| TASK TO COMPLETE |
When you reach the line with "We're just going", transcribe it and each line after it through the last one below, exactly. Pictures stay out.

Collected data
*** Begin section ***

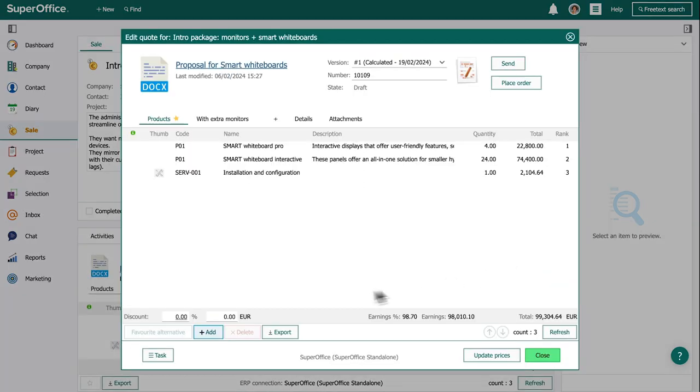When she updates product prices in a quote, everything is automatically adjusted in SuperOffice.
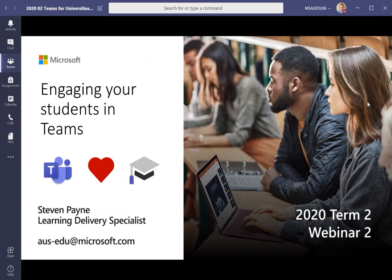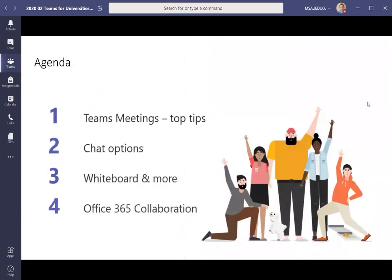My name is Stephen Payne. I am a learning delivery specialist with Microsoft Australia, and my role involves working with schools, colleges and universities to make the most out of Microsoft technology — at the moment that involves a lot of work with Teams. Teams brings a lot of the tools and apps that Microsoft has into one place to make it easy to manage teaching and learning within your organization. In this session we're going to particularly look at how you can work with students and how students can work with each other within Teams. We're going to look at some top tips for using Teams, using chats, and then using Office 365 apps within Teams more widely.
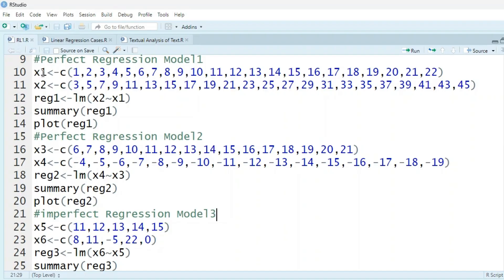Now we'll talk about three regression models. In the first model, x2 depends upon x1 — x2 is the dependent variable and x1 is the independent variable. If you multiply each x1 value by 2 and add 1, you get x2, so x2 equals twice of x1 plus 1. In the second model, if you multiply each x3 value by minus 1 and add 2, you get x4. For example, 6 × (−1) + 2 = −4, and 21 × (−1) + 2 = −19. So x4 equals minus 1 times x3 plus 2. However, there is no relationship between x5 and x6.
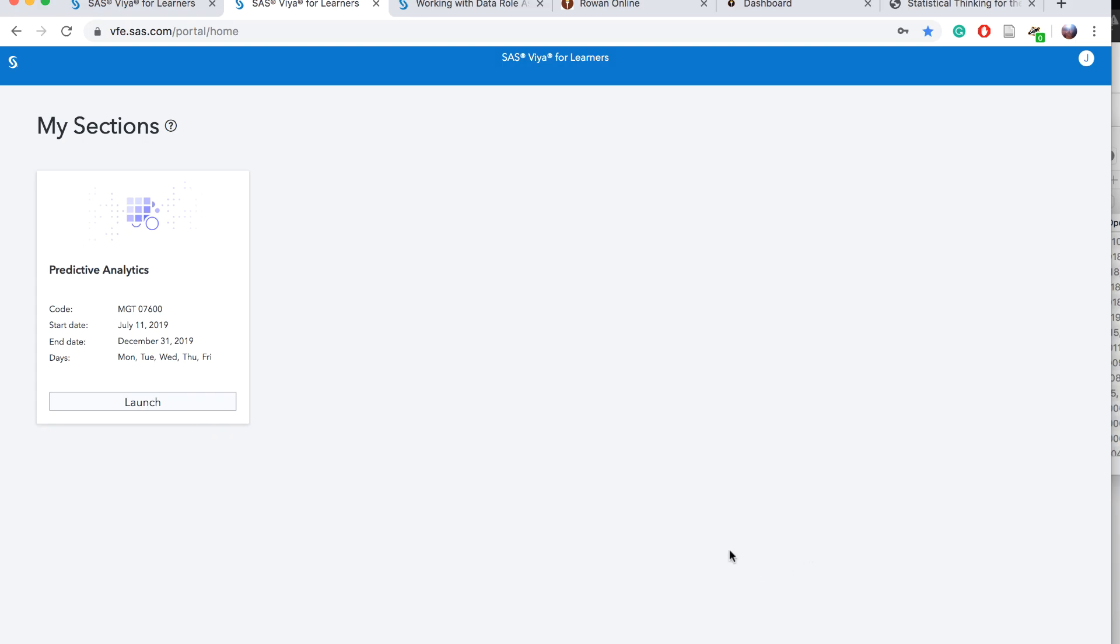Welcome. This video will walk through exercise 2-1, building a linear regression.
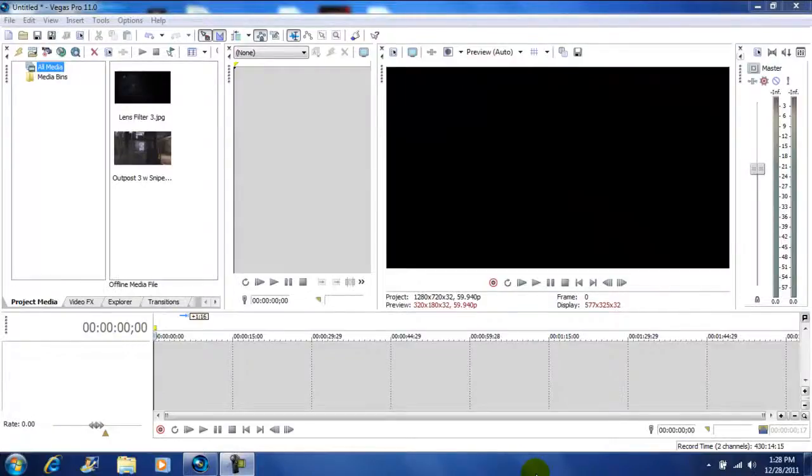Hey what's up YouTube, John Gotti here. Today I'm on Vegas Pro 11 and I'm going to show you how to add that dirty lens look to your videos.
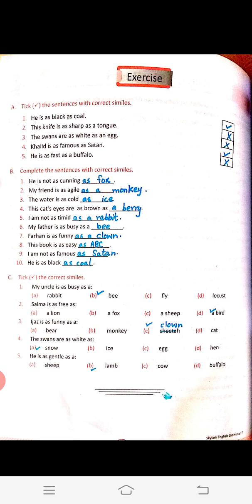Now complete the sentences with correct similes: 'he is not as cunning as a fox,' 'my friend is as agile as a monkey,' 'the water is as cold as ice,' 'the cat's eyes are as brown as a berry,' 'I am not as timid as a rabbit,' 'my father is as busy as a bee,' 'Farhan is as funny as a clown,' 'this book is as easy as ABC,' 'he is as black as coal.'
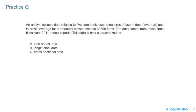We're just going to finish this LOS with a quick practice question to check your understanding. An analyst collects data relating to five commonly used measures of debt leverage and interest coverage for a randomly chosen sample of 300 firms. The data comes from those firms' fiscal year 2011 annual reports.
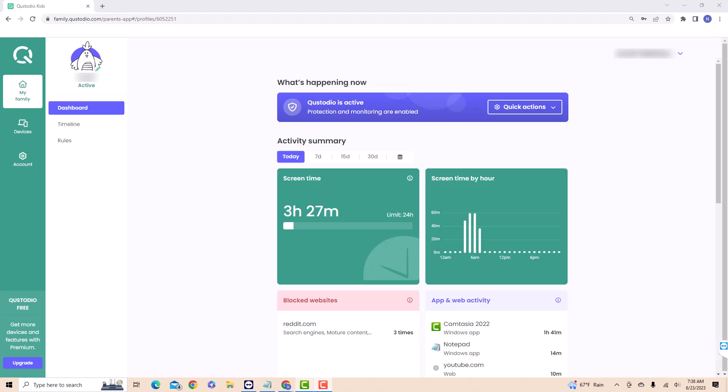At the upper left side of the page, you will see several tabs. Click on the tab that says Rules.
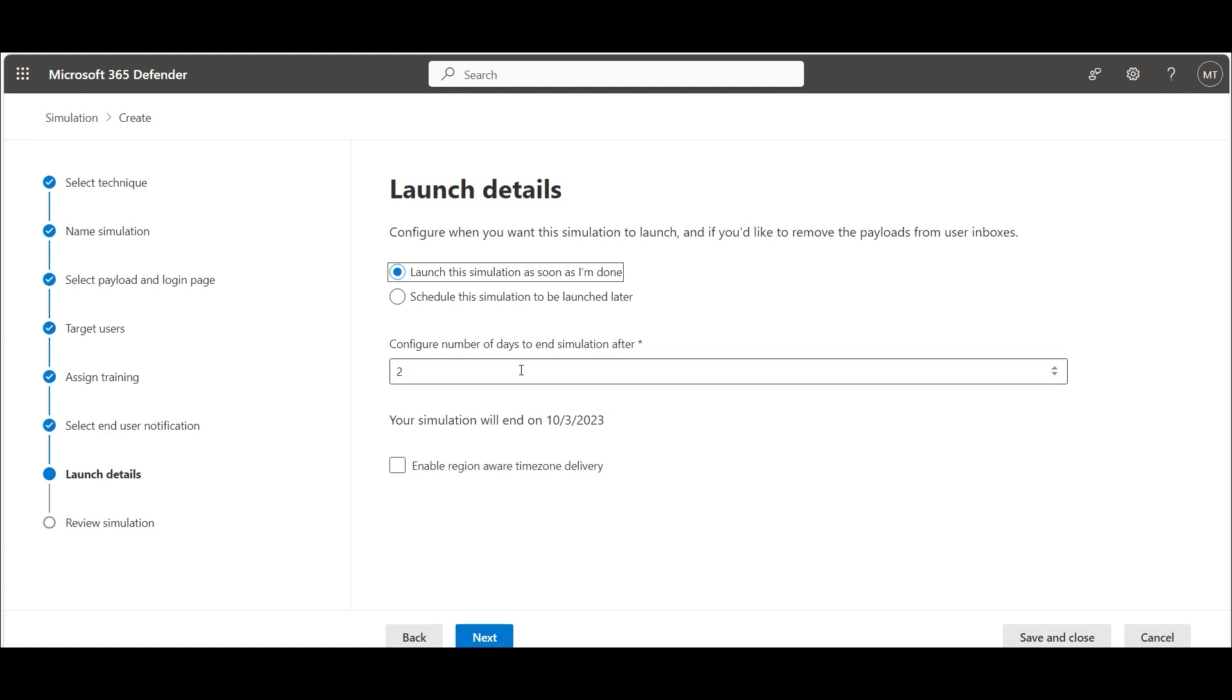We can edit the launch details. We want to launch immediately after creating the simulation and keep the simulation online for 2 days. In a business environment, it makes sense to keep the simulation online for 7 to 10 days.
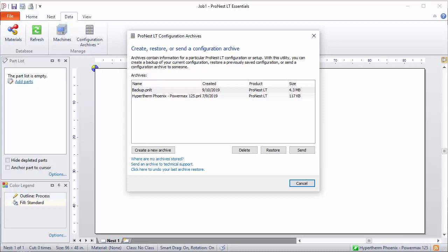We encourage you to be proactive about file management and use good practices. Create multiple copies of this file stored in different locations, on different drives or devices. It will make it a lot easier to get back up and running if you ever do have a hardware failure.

*** End section ***

| EXERCISE ANSWER |
We're just going to finish this LOS with a quick practice question to check your understanding. An analyst collects data relating to five commonly used measures of debt leverage and interest coverage for a randomly chosen sample of 300 firms. The data comes from those firms' fiscal year 2011 annual reports.
At the upper left side of the page, you will see several tabs. Click on the tab that says Rules.
We can edit the launch details. We want to launch immediately after creating the simulation and keep the simulation online for 2 days. In a business environment, it makes sense to keep the simulation online for 7 to 10 days.
We encourage you to be proactive about file management and use good practices. Create multiple copies of this file stored in different locations, on different drives or devices. It will make it a lot easier to get back up and running if you ever do have a hardware failure.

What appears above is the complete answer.